- [RECORDS SUPPLIED]:
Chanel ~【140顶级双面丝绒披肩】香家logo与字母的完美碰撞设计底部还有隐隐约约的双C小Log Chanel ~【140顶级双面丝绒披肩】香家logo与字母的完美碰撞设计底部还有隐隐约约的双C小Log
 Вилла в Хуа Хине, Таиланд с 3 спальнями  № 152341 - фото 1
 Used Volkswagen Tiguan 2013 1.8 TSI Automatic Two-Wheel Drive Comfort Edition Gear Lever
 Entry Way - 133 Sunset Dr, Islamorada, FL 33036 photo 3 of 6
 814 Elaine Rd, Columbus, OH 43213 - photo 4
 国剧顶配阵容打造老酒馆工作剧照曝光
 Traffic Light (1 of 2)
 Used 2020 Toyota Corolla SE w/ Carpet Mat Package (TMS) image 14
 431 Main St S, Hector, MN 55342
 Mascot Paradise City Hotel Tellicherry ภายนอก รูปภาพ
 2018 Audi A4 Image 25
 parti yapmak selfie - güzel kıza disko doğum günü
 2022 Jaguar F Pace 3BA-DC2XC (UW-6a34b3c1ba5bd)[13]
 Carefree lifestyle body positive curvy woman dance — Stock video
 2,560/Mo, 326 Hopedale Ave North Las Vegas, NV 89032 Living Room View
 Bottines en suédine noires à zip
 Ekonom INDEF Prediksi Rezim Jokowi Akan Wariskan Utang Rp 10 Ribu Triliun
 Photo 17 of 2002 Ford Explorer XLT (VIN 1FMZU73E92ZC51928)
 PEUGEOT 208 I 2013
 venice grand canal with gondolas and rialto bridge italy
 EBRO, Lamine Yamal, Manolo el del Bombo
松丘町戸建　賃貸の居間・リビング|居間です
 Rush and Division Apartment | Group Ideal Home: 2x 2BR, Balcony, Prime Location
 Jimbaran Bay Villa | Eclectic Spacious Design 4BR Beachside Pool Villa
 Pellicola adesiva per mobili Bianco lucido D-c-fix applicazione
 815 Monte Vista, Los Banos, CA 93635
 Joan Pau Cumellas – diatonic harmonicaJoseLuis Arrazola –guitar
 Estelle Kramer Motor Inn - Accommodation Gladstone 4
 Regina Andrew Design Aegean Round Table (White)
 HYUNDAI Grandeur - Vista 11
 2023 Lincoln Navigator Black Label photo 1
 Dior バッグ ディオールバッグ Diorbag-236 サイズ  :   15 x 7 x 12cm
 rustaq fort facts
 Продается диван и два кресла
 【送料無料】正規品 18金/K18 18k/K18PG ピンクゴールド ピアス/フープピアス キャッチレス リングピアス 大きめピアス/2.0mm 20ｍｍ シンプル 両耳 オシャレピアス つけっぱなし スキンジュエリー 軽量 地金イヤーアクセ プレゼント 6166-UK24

- [PROBLEM REQUIREMENTS]:
Copy every line of the data above, beginning with the first and ending with the line that contains "parti yapmak selfie", and give nothing more.

- [EXERCISE RESPONSE]:
Chanel ~【140顶级双面丝绒披肩】香家logo与字母的完美碰撞设计底部还有隐隐约约的双C小Log Chanel ~【140顶级双面丝绒披肩】香家logo与字母的完美碰撞设计底部还有隐隐约约的双C小Log
 Вилла в Хуа Хине, Таиланд с 3 спальнями  № 152341 - фото 1
 Used Volkswagen Tiguan 2013 1.8 TSI Automatic Two-Wheel Drive Comfort Edition Gear Lever
 Entry Way - 133 Sunset Dr, Islamorada, FL 33036 photo 3 of 6
 814 Elaine Rd, Columbus, OH 43213 - photo 4
 国剧顶配阵容打造老酒馆工作剧照曝光
 Traffic Light (1 of 2)
 Used 2020 Toyota Corolla SE w/ Carpet Mat Package (TMS) image 14
 431 Main St S, Hector, MN 55342
 Mascot Paradise City Hotel Tellicherry ภายนอก รูปภาพ
 2018 Audi A4 Image 25
 parti yapmak selfie - güzel kıza disko doğum günü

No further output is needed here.